Considerando que no es necesaria la exposición ampulosa de apreciaciones y citas legales, por lo que, una decisión judicial puede ser concisa, pero clara justificando razonablemente la decisión, dando respuesta a todos los puntos impugnados, aspectos que fueron cumplidos conforme se evidenció del examen realizado en el Auto impugnado, el cual cumple con los parámetros exigidos por la jurisprudencia constitucional, por lo que no se advierte la vulneración del derecho al debido proceso en los elementos invocados.

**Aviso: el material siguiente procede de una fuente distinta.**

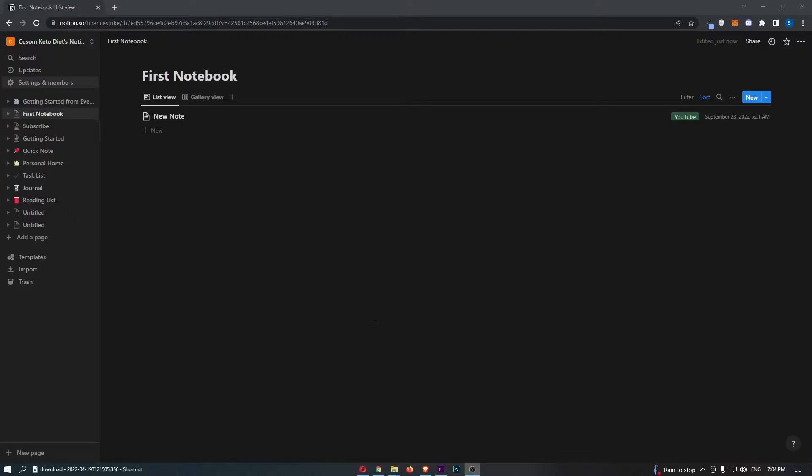Okay, so to do this, you first of all want to load up Notion right here, and once Notion has loaded up, all we need to do from here is come over to this menu down the left-hand side.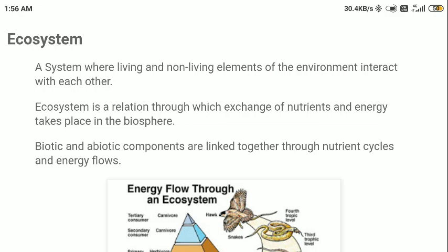Today we are going to talk about ecosystem. An ecosystem is an area or zone, or any system where any living organism is interacting with its living or non-living environment. So basically, a system where any living organism interacts with its environment is defined under ecosystem. Ecosystem is actually a relation through which exchange of nutrients and energy takes place in the biosphere.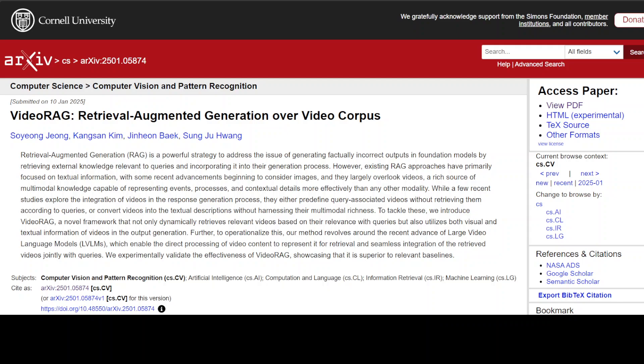But they don't necessarily contain any data about yourself or your company's data or your private data. In order to provide the context around your own data to these LLMs, you need to do RAG.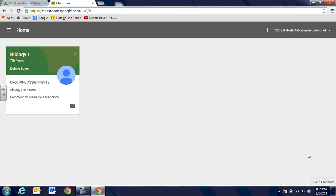When you are at the website for Google and you go to classroom.google.com and you're logged in with your student email address, you'll be able to see the courses that you are currently enrolled in.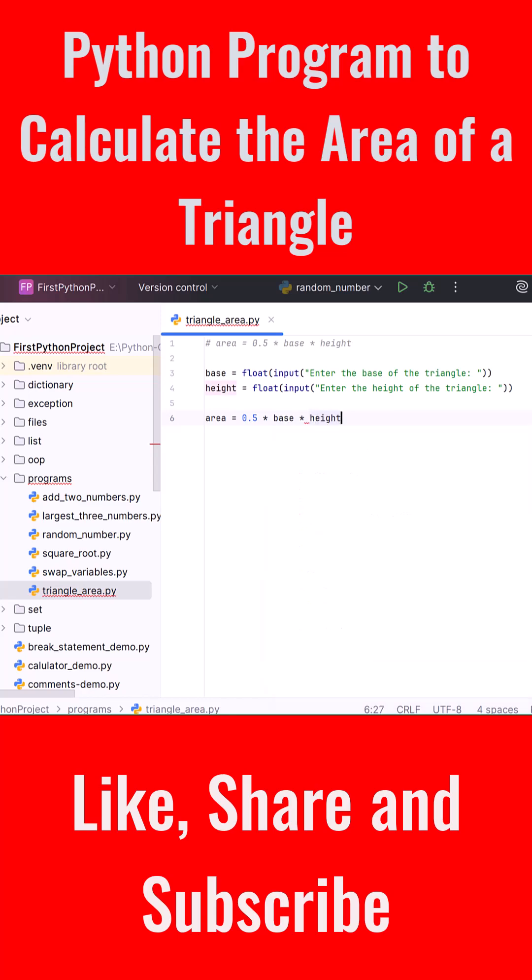This uses the formula we discussed: area equals 0.5 multiplied by base multiplied by height. Let's now display the result.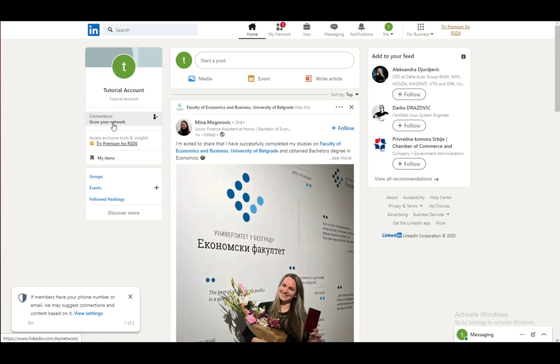First and foremost, LinkedIn is a social media website, a business social media website which you can use to either create your own account and use it as an online resume.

De lo expresado, se advierte que el Auto de Vista 659/2022, si bien no cuenta con una explicación ampulosa de las consideraciones en relación a la subsistencia de los riesgos procesales establecidos en el art. 235.1 y 2 del CPP y respecto a la presunción de autoría, que junto a otros -que ya fueron enervados-, fundaron la persistencia de la detención preventiva de la accionante; empero, expresaron los argumentos precisos, con base a los cuales concluyeron la continuidad de determinados elementos que dan curso a la continuidad de la medida cautelar de detención preventiva. En cuyo desarrollo, no se advierte, contradicciones entre los diferentes considerandos ni entre estos y la parte dispositiva, que ameriten dejar sin efecto la aludida Resolución; asimismo, respecto al estado de embarazo de riesgo y la prueba que la sustenta, se tiene que el Auto de Vista en análisis fundamenta de manera razonable los motivos por los que considera que el embarazo de riesgo de la accionante no representa una causal para no mantener la detención preventiva, explicando al efecto que tiene a su alcance las atenciones médicas que necesite; por lo que, la respuesta de la autoridad demandada es congruente a lo planteado.

Aspectos que determinan se deniegue la tutela, al no existir vulneración de sus derechos a la libertad y a la vida vinculado al debido proceso en sus elementos de fundamentación, motivación y congruencia.

En consecuencia, el Juez de garantías, al denegar la tutela impetrada, obró de manera correcta.